11 novembre 1918: ce que disaient le journal l'Humanité et la CGT
Dès le déclenchement de la Première Guerre mondiale, après l'assassinat de Jean Jaurès, dirigeant du parti socialiste qui prônait la paix, les socialistes et la CGT -sauf un minorité autour du journal la Vie Ouvrière de Pierre Monatte- adhèrent à l'Union sacrée avec la droite et le patronat bellicistes.
Pour la CGT, son Comité confédéral national, organisme de direction formé des responsables des unions départementales et des fédérations, par la voix de Léon Jouhaux, secrétaire général, affirme en cette été 1914: "Maintenant que la guerre est déclarée, le CCN rapelle aux groupements ouvriers que la besogne utile et impérieuse de l'heure, c'est l'organisation de la solidarité" pour défendre la France.

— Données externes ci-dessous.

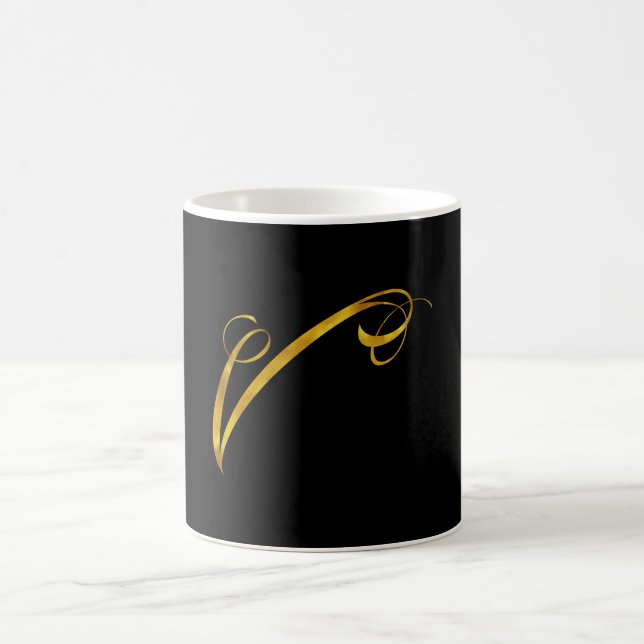 Mug Monogramme sur mesure V Monogrammes sur huile d'or (Centre)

La SFIO, le parti socialiste d'alors, donne 3 ministres et bientôt 4 au gouvernement. Le mouvement ouvrier, représenté à cette époque par les socialistes et la CGT, sombre dans la collaboration de classe.
Si la guerre prend fin en ce 11 novembre 1918, l'Armistice consacre aussi la victoire des impérialismes français, britannique et américain et le partage du monde à leurs façons, découpage colonial dont on mesure encore les répercussions dramatiques aujourd'hui.
Dans son édition du 12 novembre 1918, l'Humanité journal socialiste salue la victoire et la république allemande, comme la république universelle.
Sur la même page, au nom de son Comité confédéral national, la CGT s'exprime ainsi: "Au prolétarait organisé. la CGT salue l'évènement de la république allemande.
Cet évènement historique doit marquer la fin du règne de la force et ouvrir l'ère de la réconciliation des peuples.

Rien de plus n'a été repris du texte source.